To read David Ferry's Bewilderment is to be reminded that poetry of the highest order can be made by the subtlest of means. The passionate nature and originality of Ferry's prosodic daring works astonishing transformations that take your breath away. In poem after poem, his diction modulates beautifully between plainspoken high eloquence and colloquial vigor, making his distinctive speech one of the most interesting and ravishing achievements of the past half century. Ferry has fully realized both the potential for vocal expressiveness in his phrasing and the way his phrasing plays against--and with--his genius for metrical variation. His vocal phrasing thus becomes an amazingly flexible instrument of psychological and spiritual inquiry. Most poets write inside a very narrow range of experience and feeling, whether in free or metered verse. But Ferry's use of meter tends to enhance the colloquial nature of his writing, while giving him access to an immense variety of feeling. Sometimes that feeling is so powerful it's like witnessing a volcanologist taking measurements in the midst of an eruption.

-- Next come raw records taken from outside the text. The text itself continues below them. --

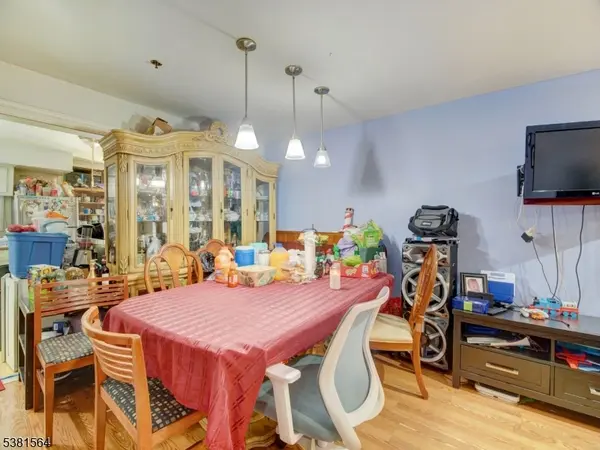 411 Monastery Pl, Union City, NJ 07087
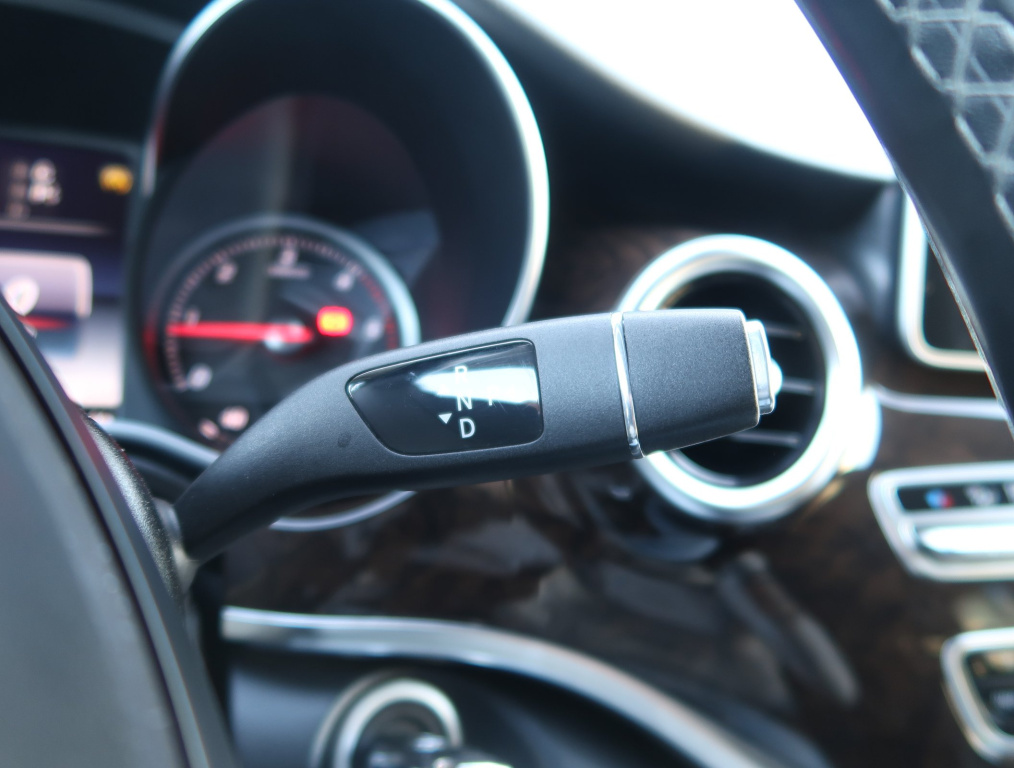 Mercedes-Benz V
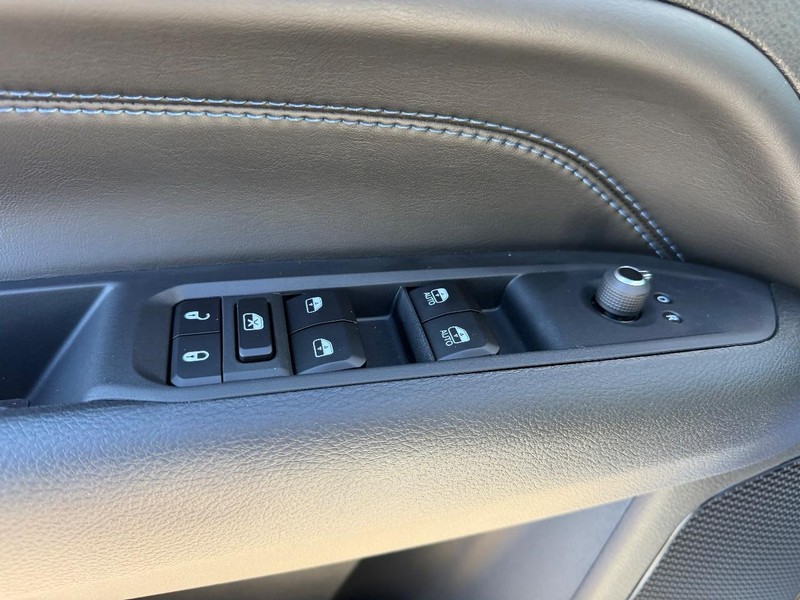 Jeep Compass Vehicle Full-screen Gallery Image 18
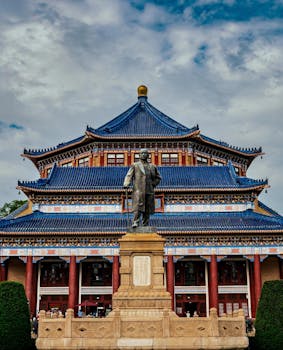 半两财经丨国家统计局：全国居民人均可支配收入43377元，比上年增长5.0百分号_0228151252 新闻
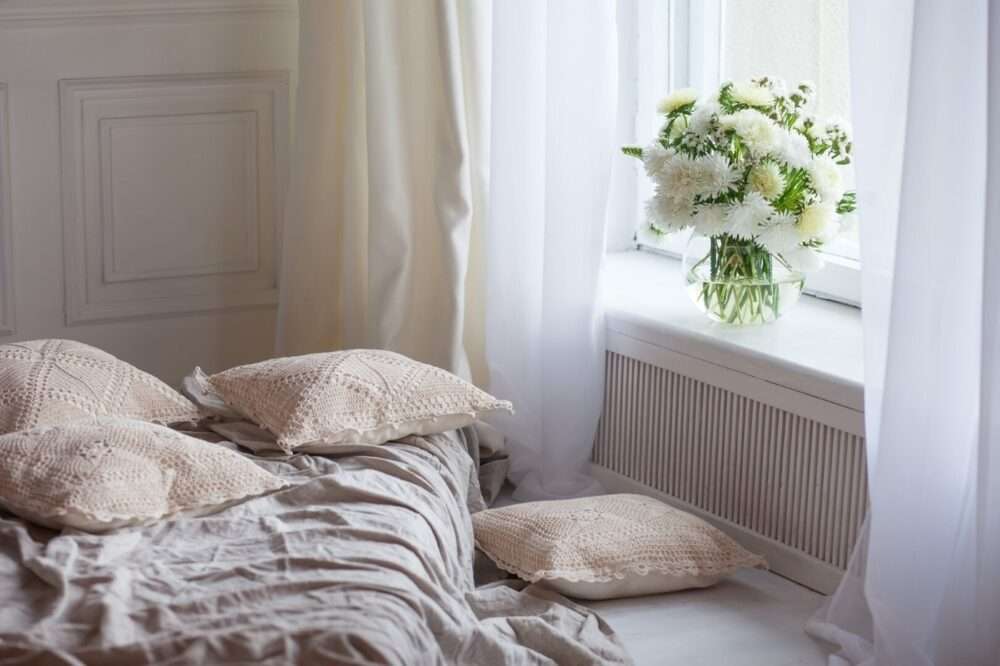 Fabrics and textile materials in interior design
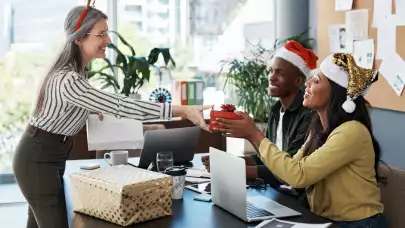 Umacnianie relacji biznesowych przez upominki czyli paczki świąteczne dla klientów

Ferry's translations, meanwhile, are amazingly acclimated English poems. Once his voice takes hold of them they are as bred in the bone as all his other work. And the translations in this book are vitally related to the original poems around them.
From Bewilderment
October
The day was hot, and entirely breathless, so
The remarkably quiet remarkably steady leaf fall
Seemed as if it had no cause at all.
The ticking sound of falling leaves was like
The ticking sound of gentle rainfall as
They gently fell on leaves already fallen,
Or as, when as they passed them in their falling,
Now and again it happened that one of them touched
One or another leaf as yet not falling,
Still clinging to the idea of being summer:
As if the leaves that were falling, but not the day,
Had read, and understood, the calendar.
About the Author
David Ferry was born in Orange, New Jersey in 1924. He is the author of a number of books of poetry and has translated several works from classical languages. Currently he is the Sophie Chantal Hart Professor Emeritus of English at Wellesley College, as well as a visiting lecturer in the Graduate Creative Writing Program at Boston University and a distinguished visiting scholar at Suffolk University.

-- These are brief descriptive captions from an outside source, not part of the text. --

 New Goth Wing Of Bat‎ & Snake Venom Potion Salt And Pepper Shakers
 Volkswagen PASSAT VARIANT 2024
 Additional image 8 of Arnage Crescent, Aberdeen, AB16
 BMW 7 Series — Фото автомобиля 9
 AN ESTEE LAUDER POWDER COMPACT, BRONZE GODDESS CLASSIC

His book of new and selected poems and translations, Of No Country I Know, published in 1999 by the University of Chicago Press, received the Lenore Marshall Prize from the Academy of American Poets and the Rebekah Johnson Bobbitt National Prize for Poetry from the Library of Congress.

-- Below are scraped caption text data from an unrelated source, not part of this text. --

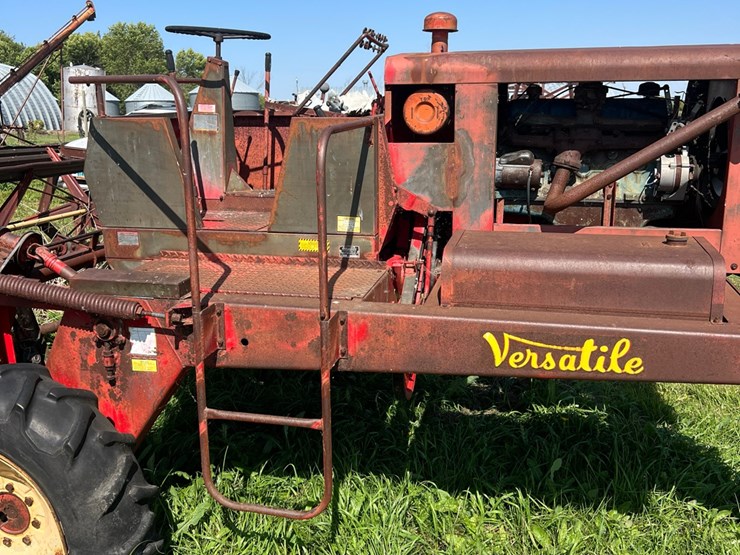 400-versatile-swather,-been-sitting,-not-running-image-34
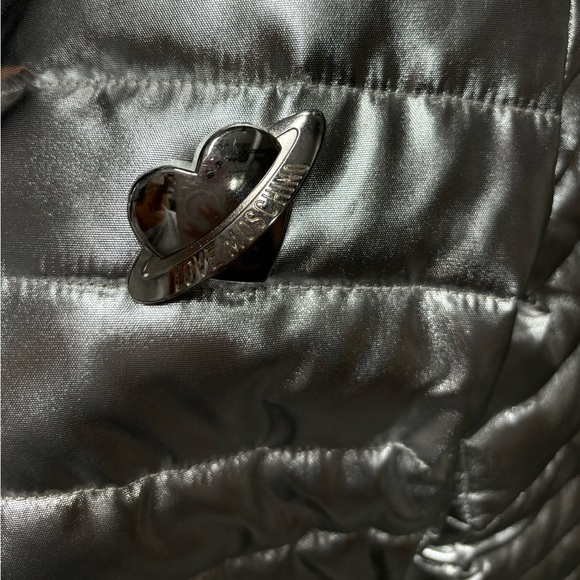 *NEW* LOVE MOSCHINO SILVER PUFFER JACKET - Picture 6 of 13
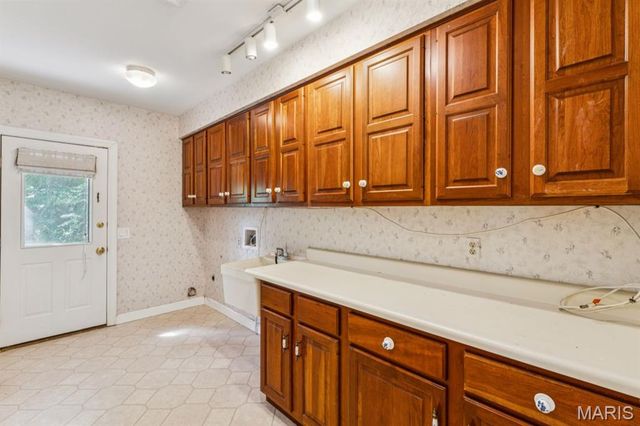 13260 Tall Pine Court, Town And Country, MO 63017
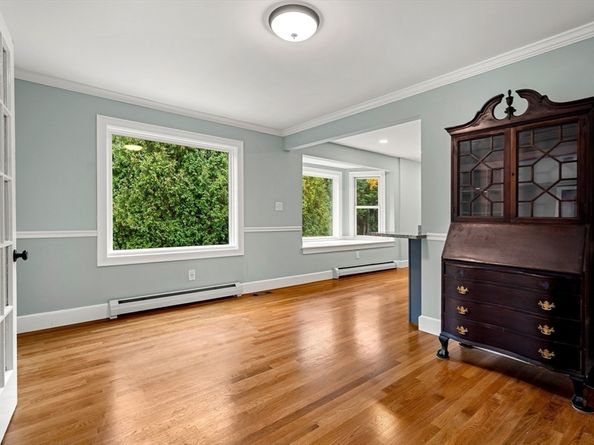 11 West Bradstreet Rqad, North Andover MA 01845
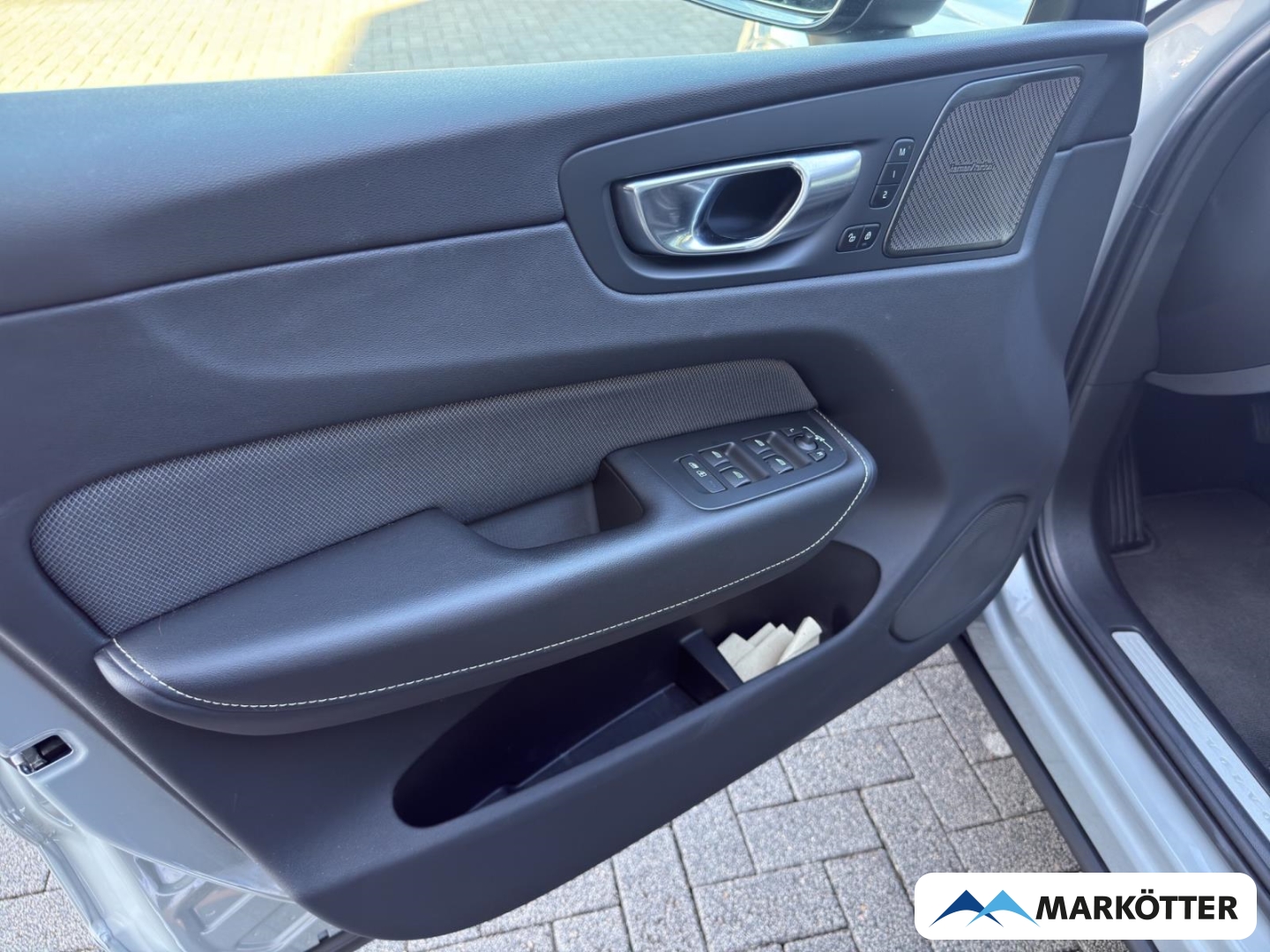 Fahrzeugabbildung Volvo XC60 Plus Dark 2WD B4 Diesel/360°/H&K Sound/AHK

In 2011 he was awarded the $100,000 Ruth Lilly Poetry Prize for lifetime achievement. Other awards include the Sixtieth Fellowship of the Academy of American Poets, the Harold Morton Landon Translation Award, the Teasdale Prize for Poetry, the John Simon Guggenheim Foundation Fellowship, the Ingram Merrill Award, and the William Arrowsmith Translation Prize from AGNI magazine. He was elected a fellow of the American Academy of Arts and Sciences in 1998.